Normalizing heartbeat rates is important because even individuals from the same species, the same age cohort and subjected to the same treatment will have different basal heart beat frequencies. After normalizing, these differences are minimized, and the analysis can focus on the change of hear beat frequency relative to a reference period (the baseline period chosen) rather than on the absolute values of heart beat frequency - which can be misleading.

The period chosen for the baseline doesn't need to be long - it's much more important that conditions (and hopefully heart beat frequencies) are as stable and least stressful as possible during that period.

After normalization, heart beat frequencies during the baseline period will, by definition, average to 1. Elsewhere, normalized heart beat frequencies represent ratios relative to the baseline: 2 represents a heart beat frequency double the basal frequency, while 0.5 indicates half of the basal frequency. This means that two individuals may experience a doubling of heart beat frequency throughout an experiment even if their absolute heart beat frequencies are markedly different from each other (e.g., individual 1 with hz = 0.6 at t0 and hz = 1.2 at t1, and individual 2 with hz = 0.8 at t0 and hz = 1.6 at t1, will both show hz_norm = 1 at t0 and hz_norm = 2 at t1).
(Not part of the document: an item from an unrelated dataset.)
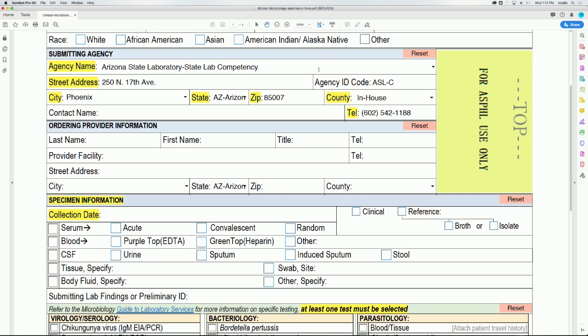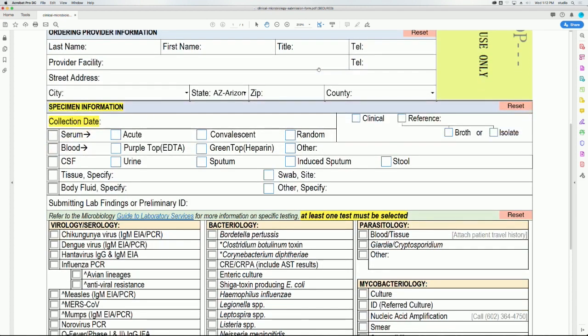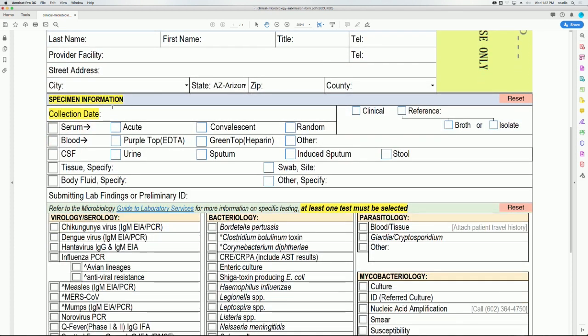The last section of the form is labeled specimen information. The collection date, type of specimen slash source, and the test request are required for submission and testing. When filling out the collection date, use the month backslash date backslash four digit year format or select the date from the calendar using the drop down arrow.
Different baseline periods for each channel

pulse_normalize only allows setting a single baseline period. If different periods are needed for different channels or groups of channels, generate two or more subsets of heart_rates containing heart_rates$id that share the same baseline periods, normalize each independently and bind all data together at the end (see the examples section below).

See Also

Examples

## Begin prepare data ----
pulse_data_sub <- pulse_data
pulse_data_sub$data <- pulse_data_sub$data[,1:5]
pulse_data_split <- pulse_split(
   pulse_data_sub,
   window_width_secs = 30,
   window_shift_secs = 60,
   min_data_points = 0.8)
pulse_data_split <- pulse_optimize(pulse_data_split, multi = pulse_data$multi)
heart_rates <- pulse_heart(pulse_data_split)
heart_rates <- pulse_doublecheck(heart_rates)
## End prepare data ----

# Normalize data using the same period as baseline for all channels
pulse_normalize(heart_rates)

# Using a different (complex) function
pulse_normalize(heart_rates, FUN = function(x) quantile(x, 0.4))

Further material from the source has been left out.